In the model with demographic and health characteristics, circulatory disease patients in the 1994 survey were significantly less likely to be disabled and dead at follow-up compared to the 1984 survey (Table 9). When we include treatment covariates, we explain approximately 18% of the association between 1994 survey year and death, and the 1994 survey year coefficient on death is no longer statistically significant. The 1994 survey year coefficient on disability becomes more negative with the inclusion of treatment variables, i.e. -0.38 vs. -0.37, and remains statistically significant. Relevant procedures are not associated with either disability or death in this model. AMI treatments are associated with disability (p=0.044), but not with death (p=0.146). Predicted outcomes rates by AMI treatments show that the probability of disability declines by 13 percentage points in 90th percentile areas from 32% to 19% and increases by 8 percentage points from 25% to 33% in 10th percentile areas (Figure 12).
Interpreting the Results
Use of effective treatments contributed to the decline in disability and death among cardiovascular disease patients. The association between treatment use and reduced disability and death was strongest in the ischemic heart disease model, explaining over half of the decline in disability for the 1994 cohort and 65-70% of the decline in mortality for the 1989 and 1994 cohorts. With the exception of the stroke model, use of AMI treatments was significantly associated with declining disability. In the all-CVD and stroke models, AMI treatments were significantly associated with reductions in mortality. Increased use of relevant procedures resulted in lowered disability among stroke patients as well as lowered death in the all-cvd and ischemic heart disease models.

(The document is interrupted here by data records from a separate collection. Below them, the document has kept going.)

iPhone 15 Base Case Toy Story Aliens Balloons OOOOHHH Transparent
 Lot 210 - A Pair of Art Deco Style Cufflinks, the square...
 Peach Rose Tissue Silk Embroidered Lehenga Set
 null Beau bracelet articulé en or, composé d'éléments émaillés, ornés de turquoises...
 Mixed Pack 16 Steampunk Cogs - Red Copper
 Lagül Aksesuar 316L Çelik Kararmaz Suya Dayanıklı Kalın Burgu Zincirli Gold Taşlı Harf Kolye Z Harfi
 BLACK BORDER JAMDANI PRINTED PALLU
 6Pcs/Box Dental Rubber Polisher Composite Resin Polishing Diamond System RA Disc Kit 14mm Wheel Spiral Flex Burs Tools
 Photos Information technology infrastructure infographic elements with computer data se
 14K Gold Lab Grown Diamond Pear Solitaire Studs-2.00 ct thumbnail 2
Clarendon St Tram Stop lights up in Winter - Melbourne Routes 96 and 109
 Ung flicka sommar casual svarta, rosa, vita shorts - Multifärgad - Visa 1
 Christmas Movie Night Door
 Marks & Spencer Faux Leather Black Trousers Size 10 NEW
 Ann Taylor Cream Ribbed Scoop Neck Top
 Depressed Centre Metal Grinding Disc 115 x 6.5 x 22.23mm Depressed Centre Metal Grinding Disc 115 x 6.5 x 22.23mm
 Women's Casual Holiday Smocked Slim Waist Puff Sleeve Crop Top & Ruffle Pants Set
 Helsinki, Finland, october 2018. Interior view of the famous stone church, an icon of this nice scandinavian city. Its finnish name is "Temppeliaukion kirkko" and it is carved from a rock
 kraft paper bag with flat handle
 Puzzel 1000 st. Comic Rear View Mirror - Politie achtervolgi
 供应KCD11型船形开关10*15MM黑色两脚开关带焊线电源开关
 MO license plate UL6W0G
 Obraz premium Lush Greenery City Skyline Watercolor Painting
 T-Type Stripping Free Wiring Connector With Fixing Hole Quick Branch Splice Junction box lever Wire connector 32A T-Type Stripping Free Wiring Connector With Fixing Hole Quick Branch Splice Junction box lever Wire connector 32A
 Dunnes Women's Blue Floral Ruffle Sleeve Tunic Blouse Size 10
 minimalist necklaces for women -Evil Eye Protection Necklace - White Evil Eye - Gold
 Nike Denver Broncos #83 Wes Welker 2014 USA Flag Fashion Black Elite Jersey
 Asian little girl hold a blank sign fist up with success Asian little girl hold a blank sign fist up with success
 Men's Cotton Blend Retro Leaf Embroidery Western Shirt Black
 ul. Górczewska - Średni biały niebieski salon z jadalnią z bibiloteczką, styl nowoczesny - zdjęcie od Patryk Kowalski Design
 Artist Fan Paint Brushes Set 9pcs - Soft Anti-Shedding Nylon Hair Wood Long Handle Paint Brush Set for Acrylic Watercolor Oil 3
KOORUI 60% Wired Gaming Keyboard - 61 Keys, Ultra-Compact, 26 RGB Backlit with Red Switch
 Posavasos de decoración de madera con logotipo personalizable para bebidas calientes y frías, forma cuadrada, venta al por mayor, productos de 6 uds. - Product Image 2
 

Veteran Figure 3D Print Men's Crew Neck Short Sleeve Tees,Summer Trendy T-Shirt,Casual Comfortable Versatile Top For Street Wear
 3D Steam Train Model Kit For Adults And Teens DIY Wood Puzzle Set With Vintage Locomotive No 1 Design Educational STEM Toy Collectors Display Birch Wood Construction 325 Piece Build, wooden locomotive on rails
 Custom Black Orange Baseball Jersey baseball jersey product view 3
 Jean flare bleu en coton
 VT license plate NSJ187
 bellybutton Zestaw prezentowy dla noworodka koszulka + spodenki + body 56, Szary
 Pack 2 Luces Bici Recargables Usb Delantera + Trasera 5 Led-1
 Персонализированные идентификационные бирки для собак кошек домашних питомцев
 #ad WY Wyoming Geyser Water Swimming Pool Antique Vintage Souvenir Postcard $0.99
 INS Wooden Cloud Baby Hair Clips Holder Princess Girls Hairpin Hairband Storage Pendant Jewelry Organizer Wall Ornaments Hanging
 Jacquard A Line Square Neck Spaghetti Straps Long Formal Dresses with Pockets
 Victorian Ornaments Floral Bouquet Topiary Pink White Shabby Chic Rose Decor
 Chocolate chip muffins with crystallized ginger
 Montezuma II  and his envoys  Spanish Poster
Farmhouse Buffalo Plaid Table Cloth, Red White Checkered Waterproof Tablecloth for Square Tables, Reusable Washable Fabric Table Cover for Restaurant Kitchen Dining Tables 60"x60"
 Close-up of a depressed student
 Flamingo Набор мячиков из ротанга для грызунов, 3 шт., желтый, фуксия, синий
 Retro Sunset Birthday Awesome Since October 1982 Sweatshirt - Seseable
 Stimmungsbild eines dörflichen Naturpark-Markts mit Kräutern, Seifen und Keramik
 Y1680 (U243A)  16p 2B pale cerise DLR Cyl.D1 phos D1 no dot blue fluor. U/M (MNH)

Improved medical treatment after an acute cardiovascular event resulted in improved survival and reductions in disability. It may also affect medical spending. While we cannot do a complete evaluation of the impact of these changes, we can provide some information. We begin with the change in quality-adjusted life expectancy. To consider how reductions in disability in one year translate into long-term changes in quality-adjusted life expectancy, we estimate regression models for future survival and disability status as a function of disability in a base year. For a cohort in year t, we estimate linear probability models of the form:
The coefficient у indicates how changes in disability in year t affect long-term health outcomes. Xit is a set of demographic and health status variables. The identifying assumption in equation is that people who are not disabled because of medical treatment are subsequently equivalent in their health to those who never had an incident. This may or may not be the case. If this is not true, and survivors of events are less healthy, conditional on disability status, we will overstate the benefits of reductions in disability. Thus, one should properly view these estimates as an upper bound on the impact of medical interventions to reduce disability. buy wellbutrin online
Figure 13 shows the survival rate by year, conditional on disability status in the base survey year. We report the results for the 10 years after the survey for the 1989 cohort, and the five years after the survey for the 1994 cohort due to data limitations on long-term follow-up. Not surprisingly, survival for the disabled is below that for the non-disabled, by a large margin. The difference is about 20 percentage points, and remains at that level throughout the decade.